L’enciclica impiega accenti profetici e sottolinea vigorosamente quanto l’esperienza della tragedia resti oggi un patrimonio spirituale vivo. «Siamo posti di fronte al centenario del genocidio degli armeni e nelle nostre anime risuona un’esigenza potente di verità e di giustizia che non si lascerà mai ridurre al silenzio», scrive il patriarca.
Fin da subito, non sono sfuggiti i risvolti anche politici del documento, che si rivolge non solo agli armeni in patria, ma anche alla diaspora diffusa in ogni continente: in Europa, soprattutto in Francia, dove gli armeni sono circa mezzo milione e contano figure di primo piano anche sulla scena politica, oltre che artistica e intellettuale. In assoluto, le comunità estere più numerose si trovano invece in Russia (2,2 milioni) e Stati Uniti (1,3 milioni).
«Ogni giorno del 2015 sarà un giorno di ricordo e di devozione per il nostro popolo, un viaggio spirituale in memoria dei nostri martiri davanti ai quali ci inginocchiamo con umiltà e nella preghiera», si può ancora leggere nell’enciclica, che sottolinea pure la strenua fedeltà al cristianesimo di chi morì: «Offriamo incenso per le anime delle nostre vittime innocenti sepolte senza nome perché hanno accettato di morire piuttosto che ripudiare la loro fede e la loro nazione».
Non manca una rievocazione delle atrocità commesse nel perimetro dell’Impero ottomano, non riconosciute come genocidio dall’esecutivo turco, nonostante qualche segnale recente di disgelo. Il patriarca scrive: «Nel 1915 e nel corso degli anni seguenti, i turchi ottomani hanno perpetrato un genocidio contro il nostro popolo. In Armenia occidentale, sul nostro suolo natale, nella patria armena e nelle comunità armene di tutta la Turchia, un milione e mezzo dei nostri figli e delle nostre figlie hanno subito dei massacri, la fame e le malattie; sono stati deportati e costretti a marciare fino ad essere colti dalla morte».
Se si considera la popolazione mondiale dell’epoca, quella fitta catena di eccidi amputò quasi un ramo su mille dell’umanità. Ma il senso profondo dell’epurazione riguardò pure la stessa presenza del cristianesimo in Medio Oriente, come sottolineano i passaggi che evocano il valore profetico della successiva “resurrezione” del popolo armeno al cospetto del mondo. In proposito, l’enciclica di Karekin II contiene risonanze brucianti con l’attualità, conferendo a quest’inizio di commemorazioni armene uno spessore particolare.

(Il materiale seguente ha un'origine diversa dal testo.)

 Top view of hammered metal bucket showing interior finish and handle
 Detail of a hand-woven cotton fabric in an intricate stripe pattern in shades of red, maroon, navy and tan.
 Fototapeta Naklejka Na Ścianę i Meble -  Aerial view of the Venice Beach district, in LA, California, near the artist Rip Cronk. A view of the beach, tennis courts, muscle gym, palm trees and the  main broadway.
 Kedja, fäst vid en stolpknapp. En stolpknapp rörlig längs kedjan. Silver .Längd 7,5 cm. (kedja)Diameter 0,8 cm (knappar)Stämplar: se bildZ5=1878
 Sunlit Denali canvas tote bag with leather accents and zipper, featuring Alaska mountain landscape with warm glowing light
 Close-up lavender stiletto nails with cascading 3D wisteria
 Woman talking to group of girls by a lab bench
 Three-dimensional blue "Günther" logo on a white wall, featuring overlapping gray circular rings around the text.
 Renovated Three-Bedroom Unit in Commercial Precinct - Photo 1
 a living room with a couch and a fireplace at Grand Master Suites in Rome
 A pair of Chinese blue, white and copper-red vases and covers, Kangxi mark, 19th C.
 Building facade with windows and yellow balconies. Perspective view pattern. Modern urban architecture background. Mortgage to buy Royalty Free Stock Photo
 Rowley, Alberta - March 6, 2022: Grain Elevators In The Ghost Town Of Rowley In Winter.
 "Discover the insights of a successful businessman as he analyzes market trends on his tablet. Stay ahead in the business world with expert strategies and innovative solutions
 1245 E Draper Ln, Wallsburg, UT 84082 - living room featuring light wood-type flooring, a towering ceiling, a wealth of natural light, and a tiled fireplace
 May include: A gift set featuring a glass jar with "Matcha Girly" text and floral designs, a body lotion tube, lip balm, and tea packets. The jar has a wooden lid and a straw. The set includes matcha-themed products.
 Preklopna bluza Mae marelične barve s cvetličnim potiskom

Gli eccidi cancellarono dall’Anatolia anche gli armeni cattolici, che superano oggi il mezzo milione. Il loro patriarcato, fedele a Roma (fu riconosciuto a metà Settecento da Benedetto XIV) pur conservando il rito armeno, non a caso ha sede in quello stesso Libano tornato ad essere negli ultimi anni una porta di fuga per i cristiani perseguitati di tutto il Medio Oriente. Si commemora il passato, dunque, in un 2015 che conserva fosche somiglianze con quello stesso passato.
L’enciclica esprime anche «gratitudine alle nazioni, organizzazioni e individui che hanno avuto il coraggio e la convinzione di riconoscere e condannare il genocidio armeno». Questo ed altri passaggi richiamano alla memoria pure la visita dello scorso giugno di Karekin II in Vaticano, un’occasione nella quale papa Francesco ha molto insistito sul valore profondamente ecumenico di tragedie come il genocidio armeno: «L’ecumenismo della sofferenza e del martirio è un potente richiamo a camminare lungo la strada della riconciliazione tra le Chiese, con decisione e fiducioso abbandono all’azione dello Spirito». E adesso, in vista delle canonizzazioni di aprile, le celebrazioni armene di questo 2015 si aprono proprio all’insegna di un messaggio che pare già di ampio respiro cristiano.